— EXERCISE INSTRUCTIONS —
Please reproduce all of the listing below exactly and drop its images.

— DATASET CONTENT —
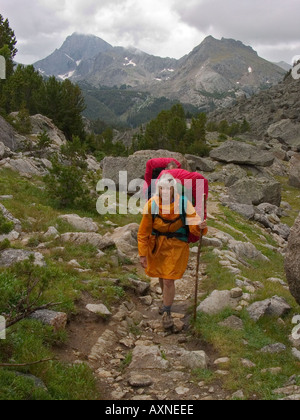 Backpacker in Wind River Mountains Wyoming Foto Stock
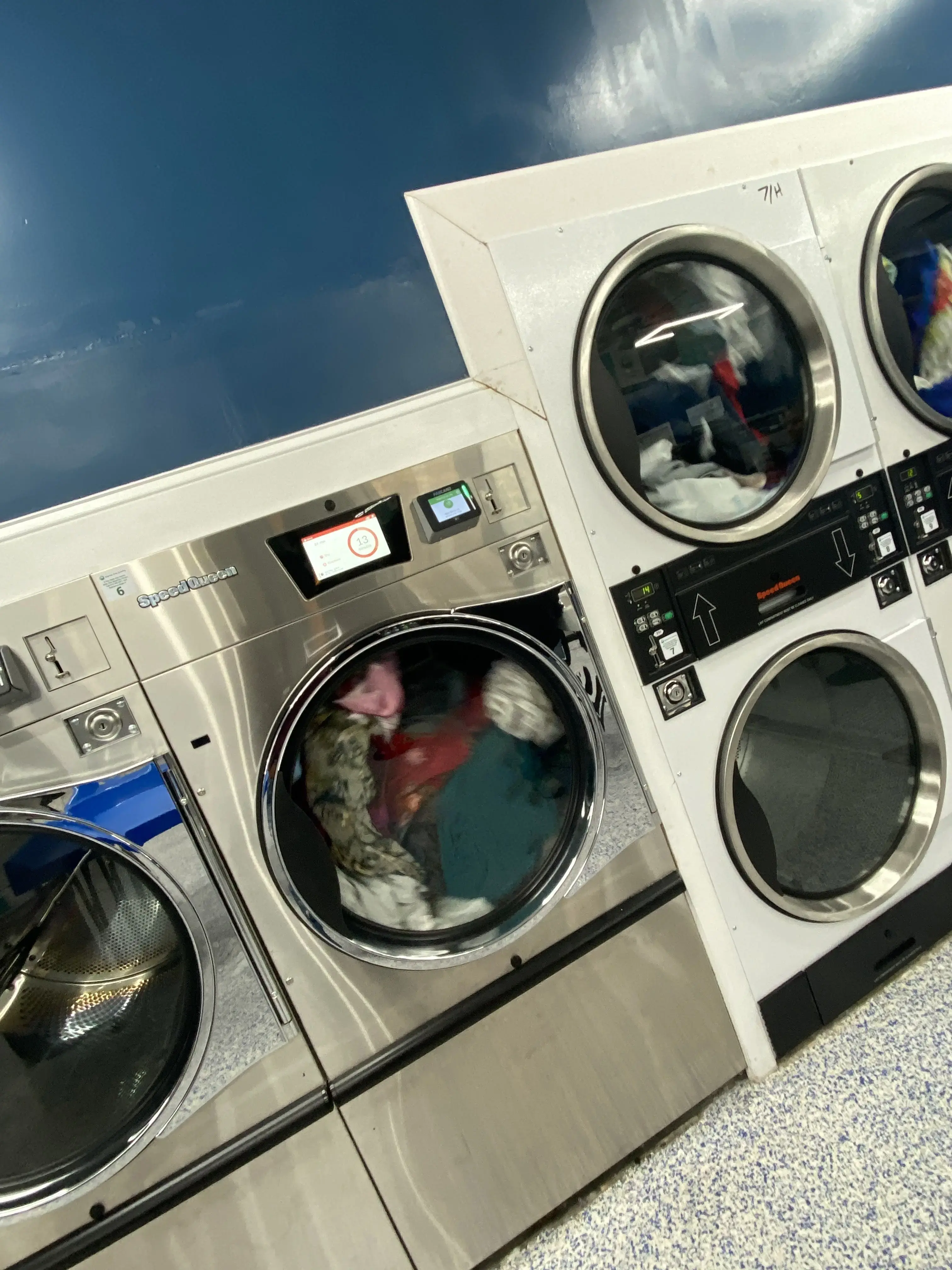 Express Coin Laundry - Image 4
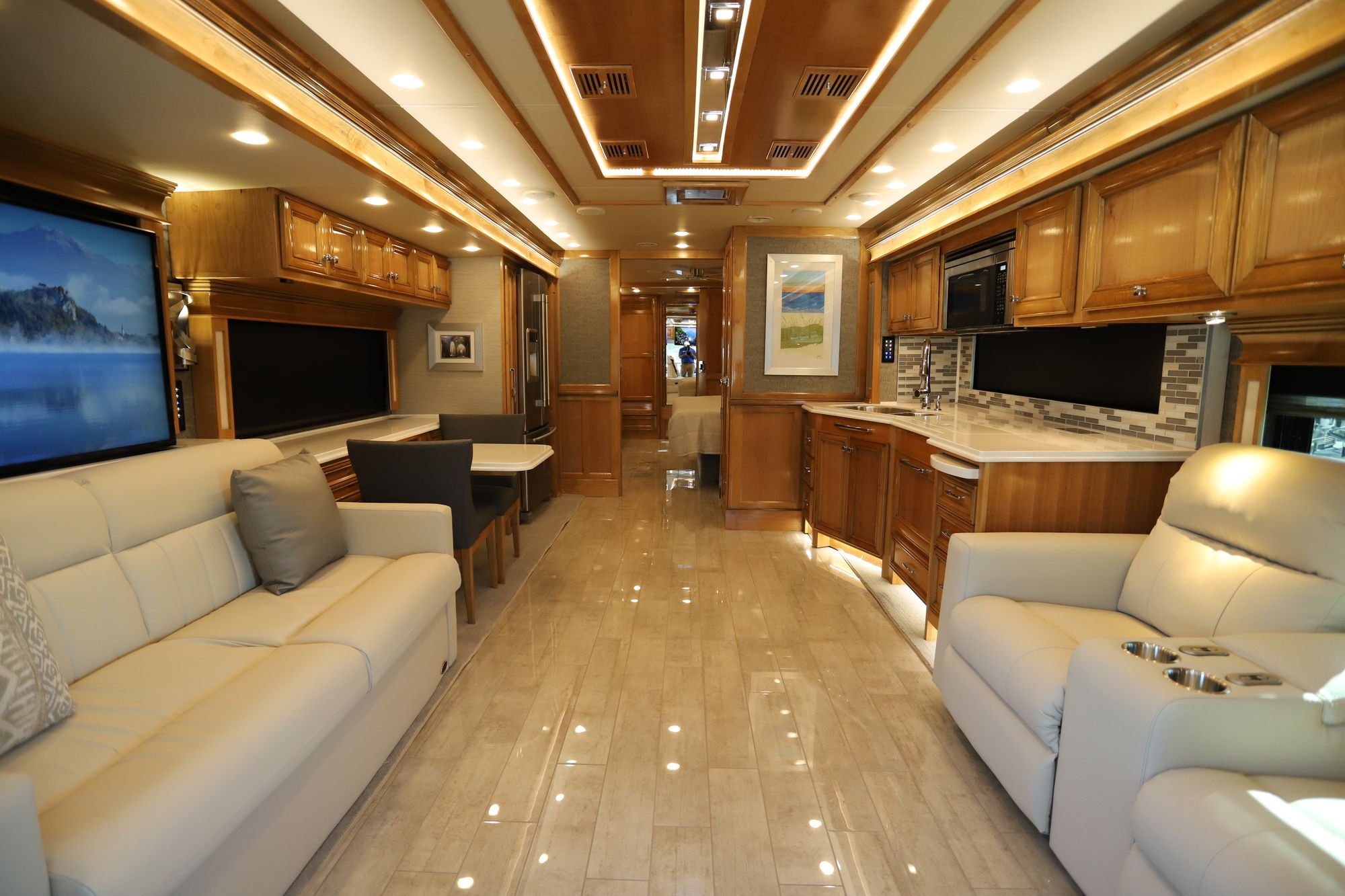 New 2020 Tiffin Motor Homes Phaeton 40IH Class A  For Sale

— ANSWER BOX —
 Backpacker in Wind River Mountains Wyoming Foto Stock
 Express Coin Laundry - Image 4
 New 2020 Tiffin Motor Homes Phaeton 40IH Class A  For Sale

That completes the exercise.